INFORMATION SUPPLIED section start

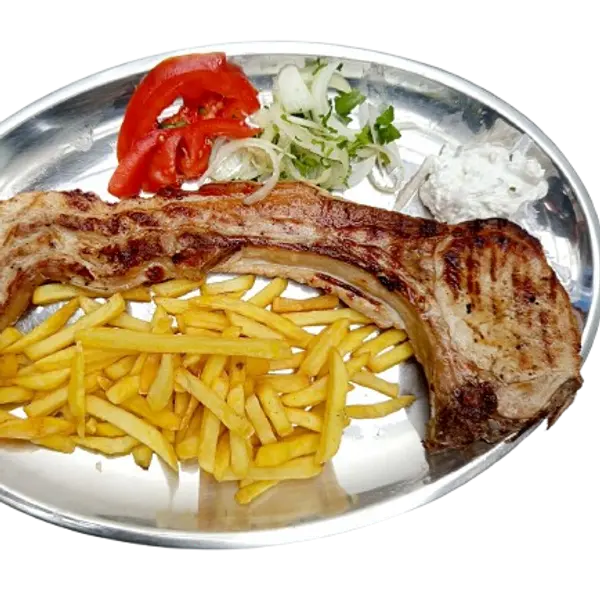 to-stenaki-the-grill - Χοιρινή σταβλίσια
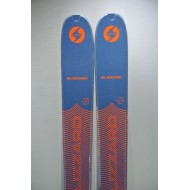 Touring-Blizzard ZERO G 105 -Fritschi TECTON bindings & SKINS- 180cm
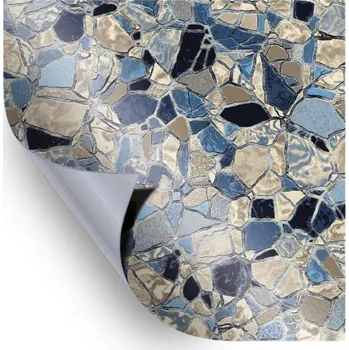 AVfol Decor - Volcano Stones, 1,65m šíře, 1,5mm, 25m role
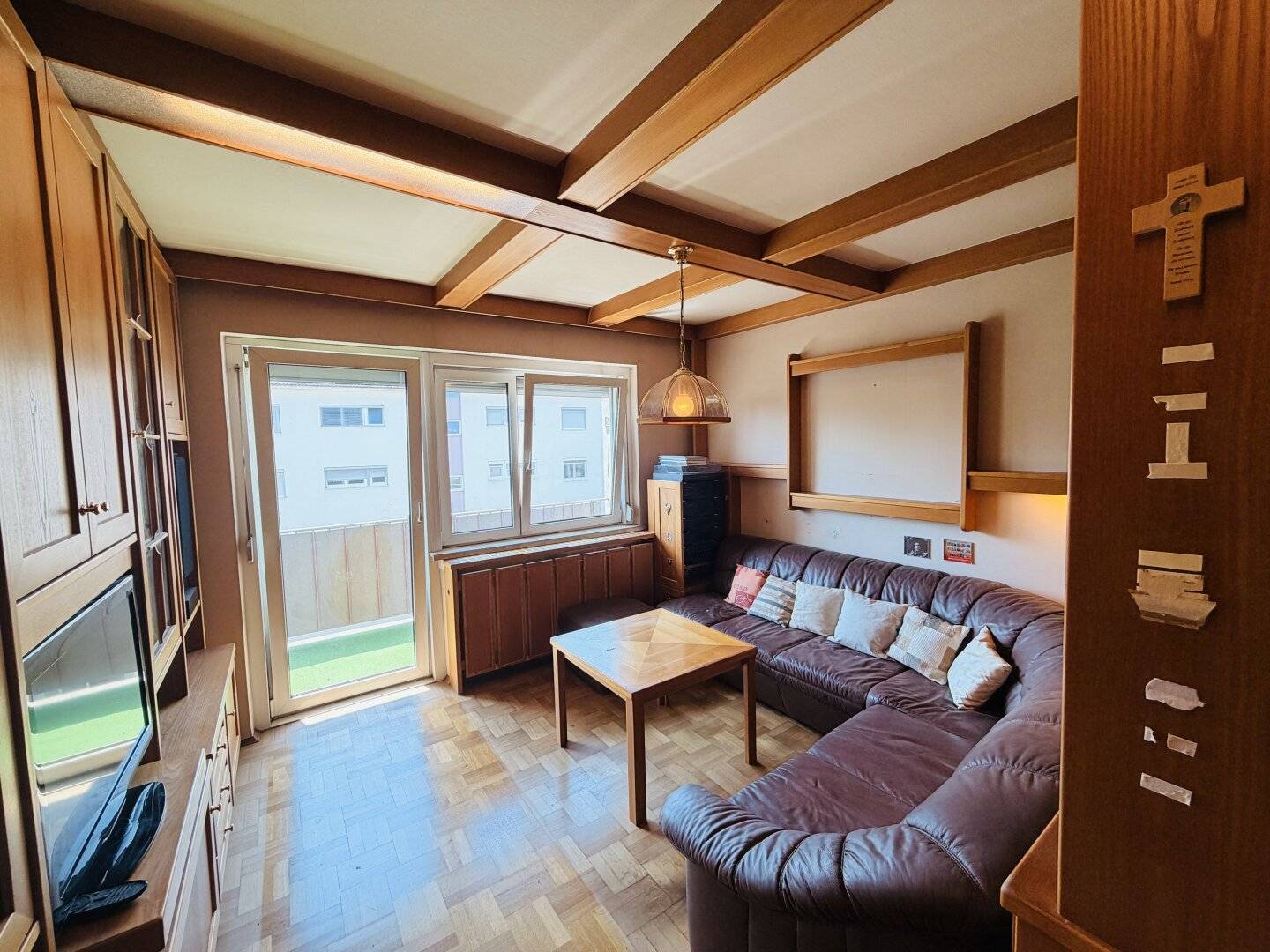 Sanierungs-Juwel in Gleisdorf: 87m² Wohnung mit Loggia &amp; Grünblick wartet auf Sie!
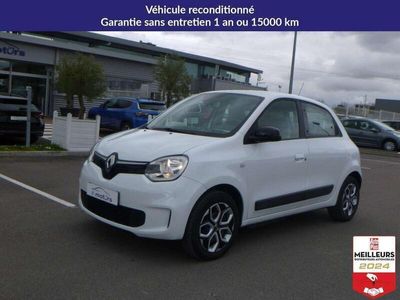 occasion Renault Twingo Iii E-tech - Equilibre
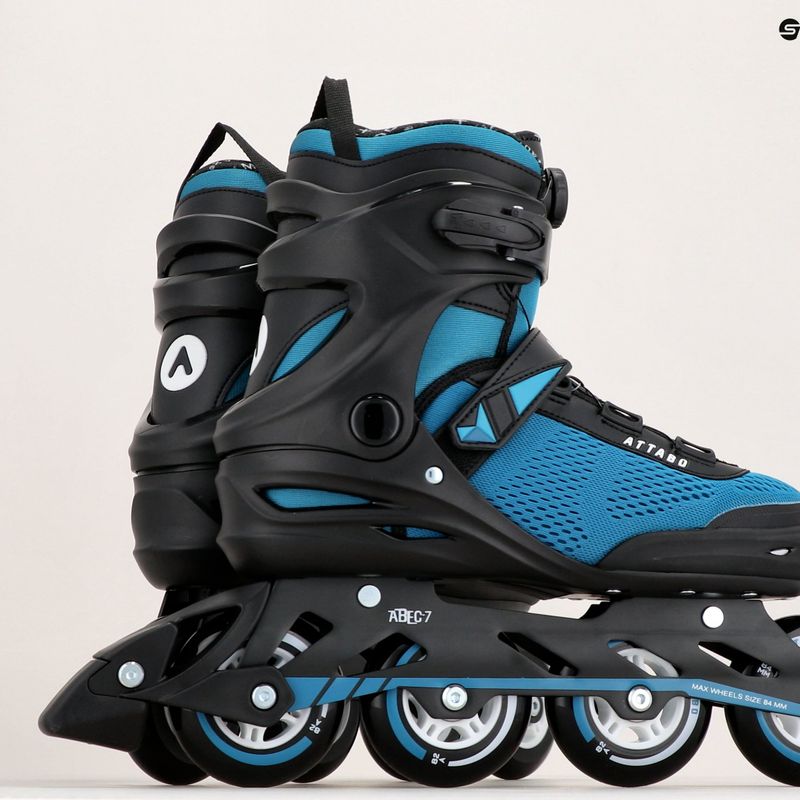Мъжки ролери ATTABO OneFoot blue 17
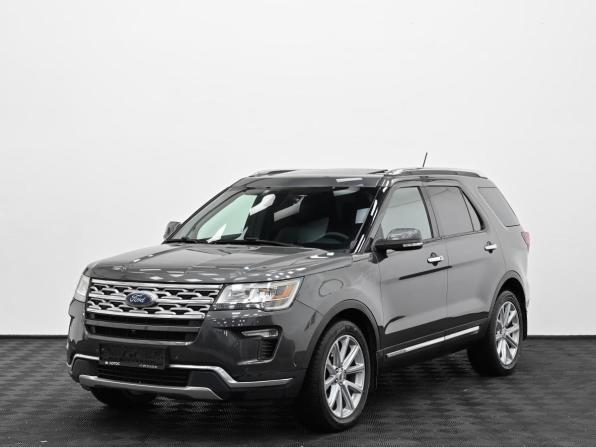 Ford Explorer V Рестайлинг 2 с пробегом 2018 года, цена 2 499 000 рублей, 206000 км, внедорожник, Автокод Объявления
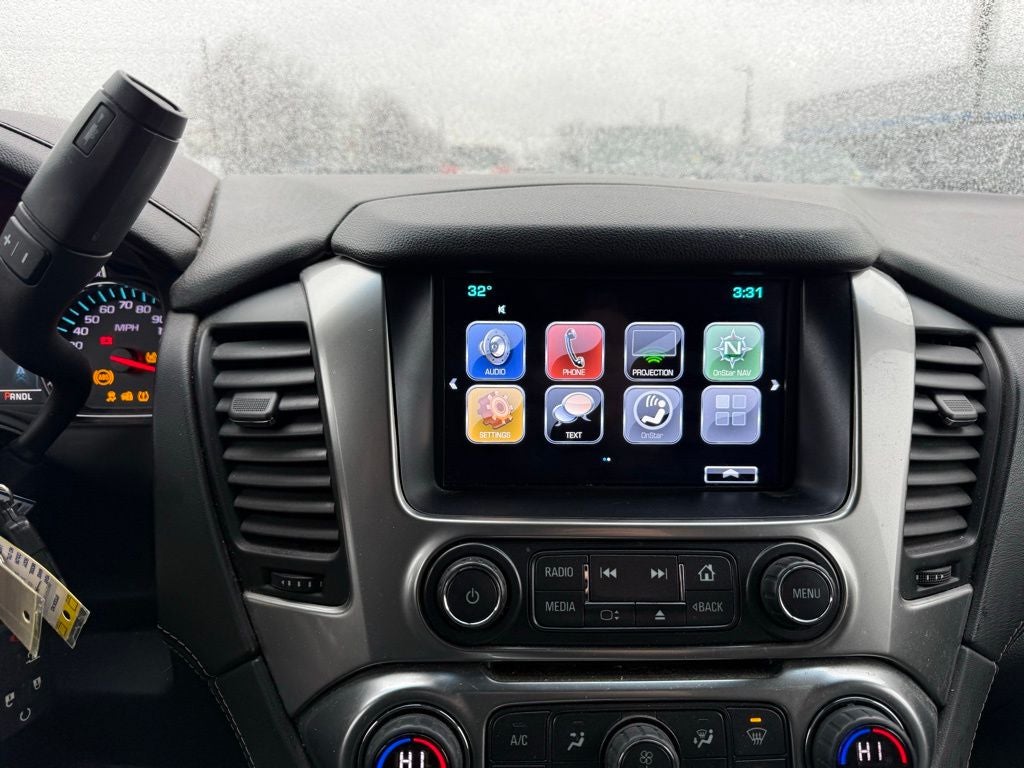 2019 Chevrolet Tahoe LS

INFORMATION SUPPLIED section end

PROBLEM TO SOLVE: Repeat the entries exactly, pictures left out.

COMPLETED EXERCISE:
 to-stenaki-the-grill - Χοιρινή σταβλίσια
 Touring-Blizzard ZERO G 105 -Fritschi TECTON bindings & SKINS- 180cm
 AVfol Decor - Volcano Stones, 1,65m šíře, 1,5mm, 25m role
 Sanierungs-Juwel in Gleisdorf: 87m² Wohnung mit Loggia &amp; Grünblick wartet auf Sie!
 occasion Renault Twingo Iii E-tech - Equilibre
Мъжки ролери ATTABO OneFoot blue 17
 Ford Explorer V Рестайлинг 2 с пробегом 2018 года, цена 2 499 000 рублей, 206000 км, внедорожник, Автокод Объявления
 2019 Chevrolet Tahoe LS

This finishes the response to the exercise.